Horse racing has often been considered the “sport of kings.” Yet, nearly everybody enjoys the thrill of horseracing, making it one of richest sports in the world.

Although Thoroughbreds break from the gate like Quarter Horses, their timer doesn’t begin until they’re several strides from the gate.

“Quarter Horses are specialized sprinters, perhaps defined best as dragsters of the horse racing world,” VanBebber grinned.

 Quarter Horse races are typically between 220 and 770 yards. “The classic distance is 440 yards, a quarter of a mile, which is where the horse originally drew its name,” VanBebber said.

Originating in Europe, Thoroughbreds, taller, thinner horses, run distance races, between six furlongs (three-quarters of a mile) and two miles.

“Obvious to most Quarter Horse owners, the most famous American Quarter Horse races are the All American Futurity and Derby,” VanBebber verified.

Both with purses of more than $2 million are run at Ruidoso Downs in New Mexico.

For Thoroughbreds, the most famous race is the Kentucky Derby, held at Churchill Downs in Kentucky.

Most horse people have heard common racetrack terms, but few really know what they mean, VanBebber said.

A horse of any sex that has never won a race is a maiden, she defined.

Additional notable racing definitions include:

Claiming: The blue-collar level of racing. All the horses in a claiming race are for sale, and licensed people can purchase them through the racing office.

Handicap: Horses are given different weights to carry based on ability. A horse that has a better race record is given a handicap (more weight) to even the playing field.

Allowance: Traditionally for horses beyond claiming ranks. These races give a specific criteria the horse must meet to be able to race, such as “3-year-olds and upward, which have never won two races.”

Stakes: A race for the best of the best. These high-prestige races have large purses attached to them.

“A Futurity is a  stakes race for two-year-olds only,” while a Derby is a stakes race for three-year-olds only,” VanBebber said.

The speed index calculates the average speed of the three fastest horses over three years at a given distance at a given trace, according to VanBebber.

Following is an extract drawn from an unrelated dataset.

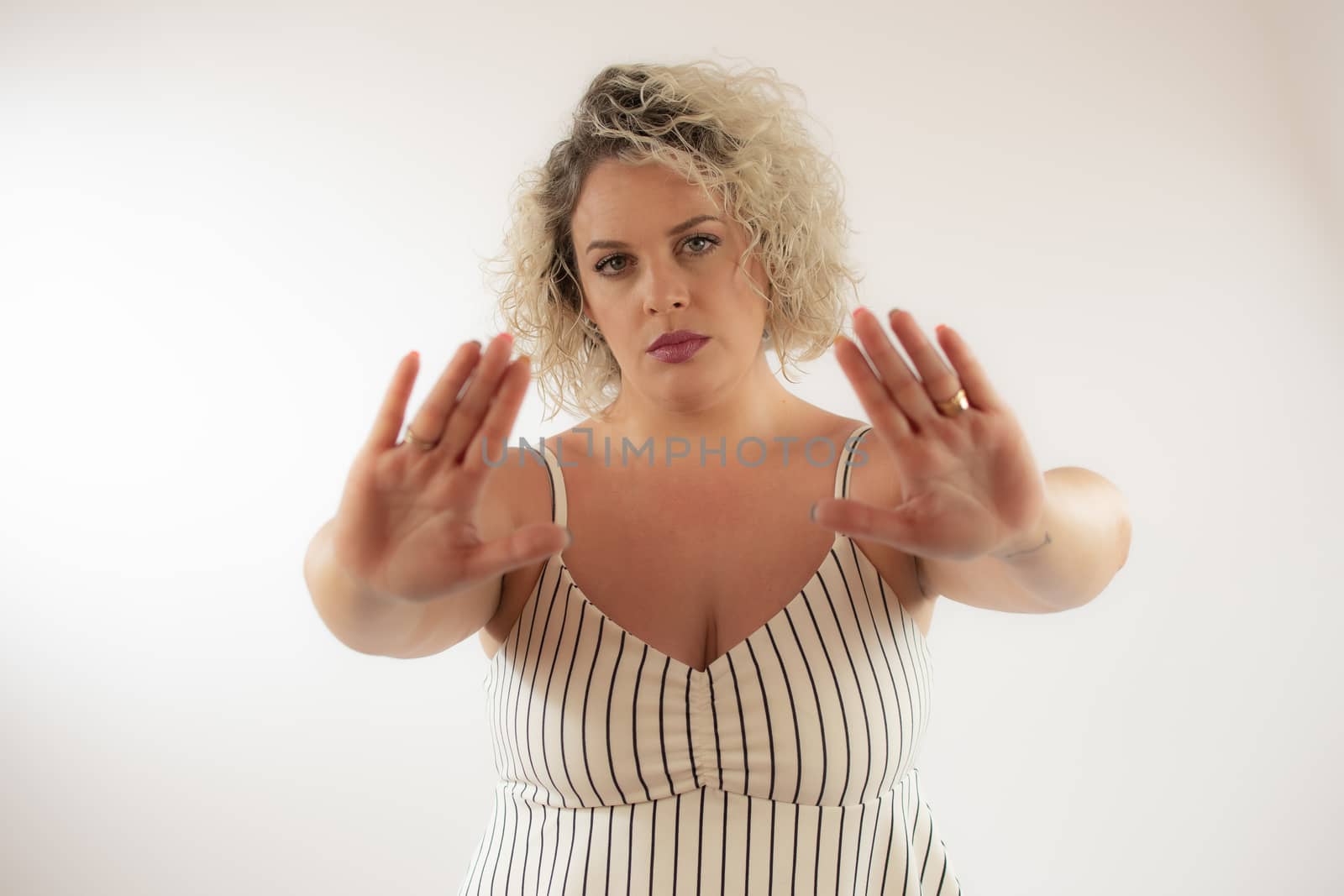 Blonde woman with serious gesture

“It is a tool used only in Quarter Horse racing to compare horses in a race,” she added.

Most racehorses live on the backside, or barns located near the track. “They train in the mornings to get in shape for the races,” VanBebber said.

Sometimes, the horses are just jogged or galloped around the track. Other times, though, they are “sent to work,” in other words exercised at racing speed for a certain distance.

Before racing, a Quarter Horses must be registered. “Each racehorse is given a permanent tattoo on the inside of its upper lip before the horse’s first race,” VanBebber said.

Before each race, the number on the lip is checked with the official record to be sure the correct horse is entered in the race.

After they are saddled and ready, the jockeys mount up, and the horses are led onto the track. They parade before the stands to warm up, then to the post, the starting gate. Race begins at post time, with winner accolades including photos and prizes money.

“Don’t ever miss an opportunity to go to the races,” VanBebber encouraged.